Ils m’appellent « gazelle », et je me sens blessée. Je ne suis pas un animal. Je ne suis pas une chose. Je ne suis pas une image. Je ne suis pas une proie.
De l’insulte « nègre » Césaire a fait la Négritude.
Du gazellage je m’apprête à faire Gazelle Théorie.
Ceci est un manifeste. Ceci est un témoignage. Ceci est un coup de colère, et une mise en lumière.
I.O.

Dans un livre inclassable qui emprunte aussi bien à l’essai qu’au récit, à la politique qu’à la poésie, Ines Orchani explore à la première personne un féminin méconnu, décrivant librement l’expérience des codes – et de leur transgression –, des stratégies, des croyances et des sexualités. Les femmes qu’on y croise, gazelles et rebelles, incarnent un féminisme non occidental, un féminisme du secret et du courage, où les intentions l’emportent sur la forme. Dans l’élan créé par Virginie Despentes avec King Kong Théorie, Ines Orchani donne à entendre les voix d’un féminisme-monde.
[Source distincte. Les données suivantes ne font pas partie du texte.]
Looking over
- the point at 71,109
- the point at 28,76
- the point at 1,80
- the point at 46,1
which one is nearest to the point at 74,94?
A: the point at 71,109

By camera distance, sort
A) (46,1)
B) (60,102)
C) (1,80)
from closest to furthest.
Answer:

Notre joie de François Bégaudeau

Notre joie
TitreNotre joie
Auteur François Bégaudeau
Éditeur Pauvert
ISBN139782720215704
ISBN102720215708
Date de parution15 septembre 2021
Prix prévisionnel19,00 €
Nombre de pages320
Description de l’éditeur :

Un soir de septembre à Lyon, un jeune homme d’extrême droite, M, se présente comme un « fan » et m’offre un verre.
J’accepte, intrigué par cette étrange adhésion. Qu’est-ce qu’il me trouve ? Qu’est-ce que cet individu peut donc priser dans un écrivain du bord opposé ? Nous avons certes quelques ennemis communs, mais les ennemis de mes ennemis sont-ils appelés à devenir automatiquement mes amis ?
Au fil de la discussion, il se confirme que ce qui nous unit est infiniment moins vaste que ce qui nous sépare.
Nous sépare avant tout notre usage de l’idiome français. Nous n’avons pas les mêmes valeurs, mais d’abord pas les mêmes mots. Il dit « mondialisme », je dis « capitalisme ». Il dit « les élites », je dis « la classe dominante ». Il pense culturel et je pense social. Il dit « la France » et cela me laisse coi.
Mais les questions de forme étant des questions de fond, la discorde de langue recouvre une discorde affective. M fonde sa politique sur des refus, et je voudrais que la mienne soit d’abord affaire de désir. Si M et moi commencions à énumérer ce que nous désirons, l’illusion de notre entente serait illico dissipée. Il aurait à cœur de restaurer la grandeur de la France quand je trouverais plus urgent de restaurer la sécurité sociale. Il traquerait ses ennemis, je m’appuierais sur mes amis. Il se nourrirait de colère, j’entretiendrais ma joie.

Mille et une idées

La rentrée littéraire 2021 des éditions Fayard/Pauvert offre ainsi une grande diversité en termes de genres explorés et de thématiques abordées.

Notons en outre la parution à venir au format poche de la nouvelle de Yannick Haenel intitulée Le Désir comme aventure dans la collection « 1001 Nuits », nouvelle issue du recueil collectif Les Désirs comme désordre paru l’année dernière.